Als im antiken Griechenland das Ideal der Eudaimonia geboren wurde, hätte wohl niemand der beteiligten Philosophen geglaubt, dass diese Idee rund 2500 Jahre später nichts an ihrer Bedeutung verloren haben würde. Was vereinfacht formuliert die Lehre vom guten Leben ist, stellt sich heute in ihrer Umsetzung angesichts einer zunehmend virtuellen Welt als schwieriger denn je heraus.

Was genau aber ist die Lehre vom guten Leben?

Ein gutes Leben (Eudaimonia), das man auch das erfüllte oder geglückte Leben nennen könnte, fusst auf der philosophischen Idee, dass erst das Erkennen des eigenen Lebenssinns dem Menschen ein anhaltendes Wohlbefinden ermöglicht. 

Heimat ist dort, wo ich verstehe und verstanden werde"

hat der grosse Existenz Philosoph Karl Jaspers einmal gesagt und damit ausgedrückt, wonach Menschen in ihrem tiefsten Inneren streben. Verständnis

Genau darum geht es in der Philotherapie. Sich selbst und die Welt, in der man lebt, besser zu verstehen.

 

Im Gegensatz zum antiken Konzept der Eudaimonie, das auf den beiden Säulen Gesundheit und Erkenntnis beruhte, bilden in der heutigen Welt die folgenden drei Säulen das Fundament des eudaimonistischen Ideals.

 

 

SINN

 

Was ist der Sinn meines Lebens?

Warum tue ich, was ich tue?
Was bedeutet es für mich?
Was ist meine Vorstellung von einem guten Leben?
Was müsste sich ändern?
Die meisten Menschen stellen sich irgendwann im Leben diese oder ähnliche Fragen. 

Wer des Sinn des eigenen Lebens besser versteht, den kann er  auch in Momenten persönlichen Scheiterns und tiefer Trauer bestärken. 

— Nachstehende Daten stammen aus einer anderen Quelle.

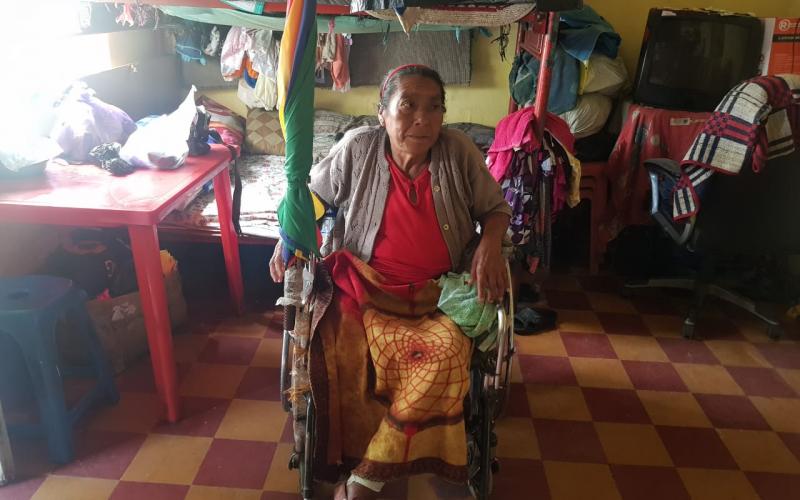 Regina Estela Hernández, señora de la tercera edad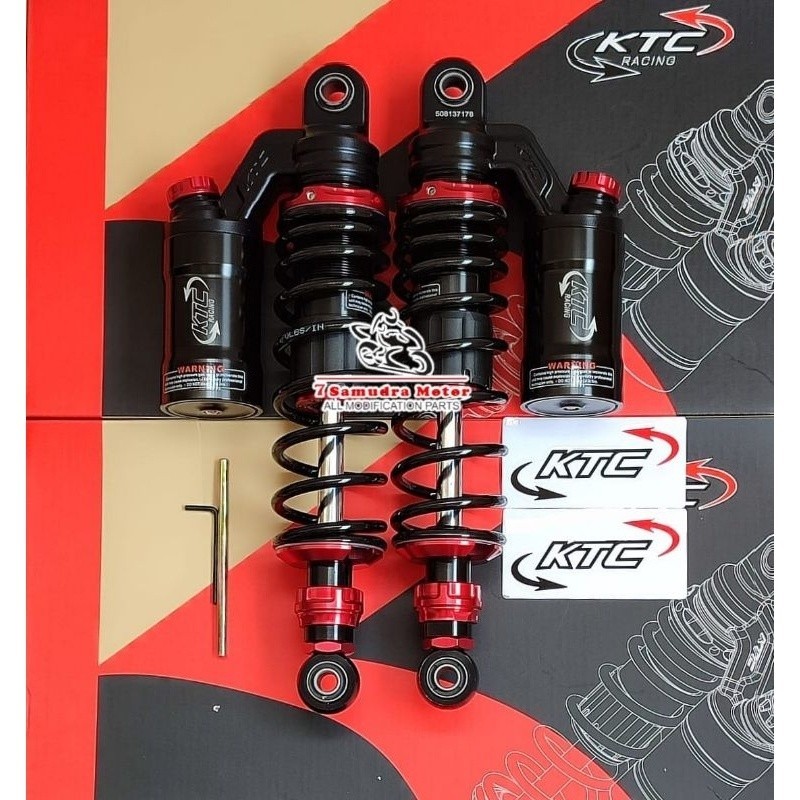 shock ktc racing  extreme tabung atas 320/340mm click fungsi rebound dan compression rx king, tiger,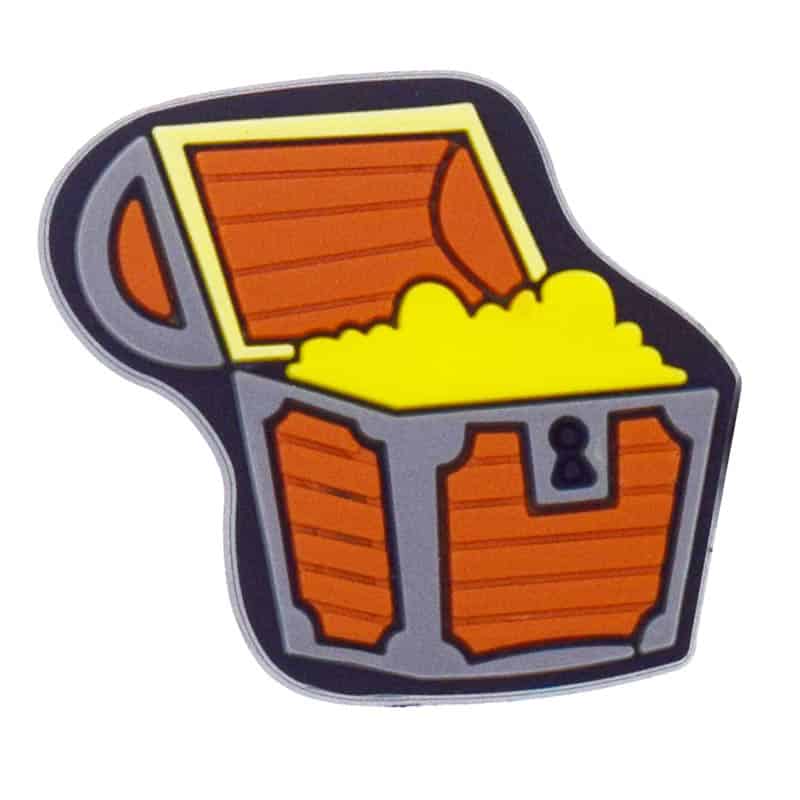 Treasure chest Pirates 363-02 Shoe Charm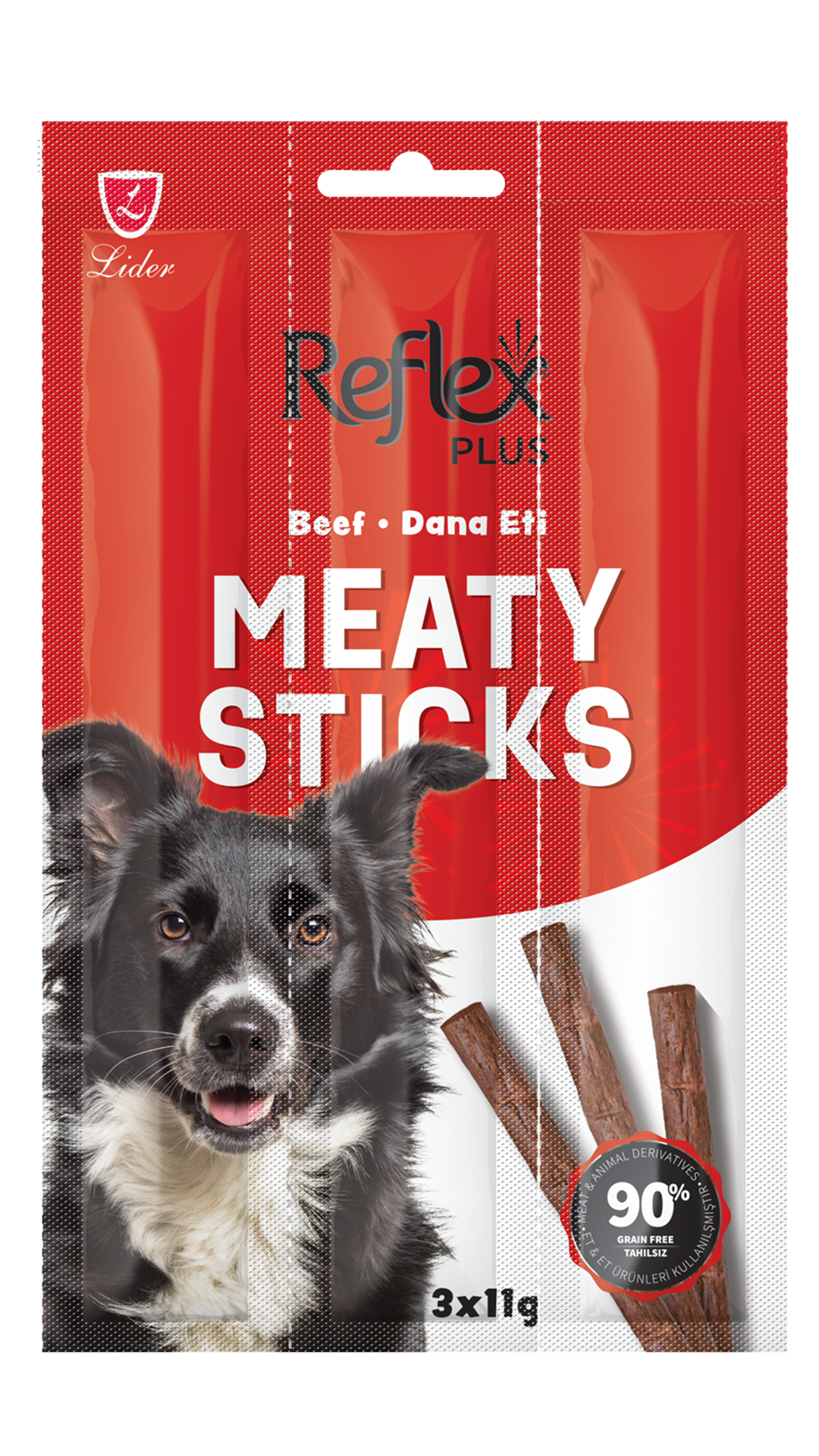 Reflex Biftekli Köpek Ödül Çubuğu 11 Gr 3 Adet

Es ist dieses Bewusstsein des eigenen Lebenssinns, das als Aufgabe im Mittelpunkt einer jeden Philotherapie steht und dem Klienten eine massgebliche Rolle dabei zuweist, durch seinen Erkenntnisgewinn das eigene Leben als das zu verstehen, was es ist. Ein Glücksfall. 

 

Erkenne dich selbst!
(Sokrates)


KONGRUENZ

 

Geht es dir gut?
Wer diese Frage mit „Ja“ beantwortet, fragt sich vielleicht bisweilen: Warum? Warum sage ich „Ja“, obwohl es mir eigentlich nicht gut geht. Weder in diesem Augenblick noch in der letzten Zeit oder gar in meinem ganzen Leben.
Dieser scheinbare Widerspruch beruht auf einem Prinzip, das wir längst kennen: Sein und Schein sind nicht dasselbe.
Ersetzt man die Begriffe „Sein“ und „Schein“ durch „Innenwelt“ und „Außenwelt“, so wird die Bedeutung der Kongruenz in der Philotherapie deutlich. Je größer die Kongruenz, umso größer das eigene Wohlbefinden.

 

Sag, was du denkst,
und tu, was du sagst.
(Epiktet)


ANPASSUNG

 

Die heute am häufigsten gestellte Diagnose in psychotherapeutischen Praxen ist die „Anpassungsstörung“.
Die Frage ist jedoch nicht, ob man sich im Laufe seines Lebens anpassen muss, sondern vielmehr, wie man dies tut. Der Mensch passt sich der Zivilisation an, so wie das Tier der Natur. Die Herausforderung besteht folglich nicht in der Anpassung an sich, sondern darin, zwischen einer richtigen und einer falschen Anpassung unterscheiden zu können.
Eine richtige Anpassung beginnt mit der Anerkennung der eigenen Lebensgeschichte. Wer sein eigenes Leben besser versteht, ist in der Lage, sich anzupassen, ohne sein inneres Selbst zu verlieren. 

Eine falsche Anpassung hingegen entspringt meist der bewussten oder unbewussten Weigerung, die eigene Lebensgeschichte zu akzeptieren und sich auf eine Weise anzupassen, die das innere Selbst dauerhaft ignoriert.

 

Die einzige Konstante im Leben ist der Wandel.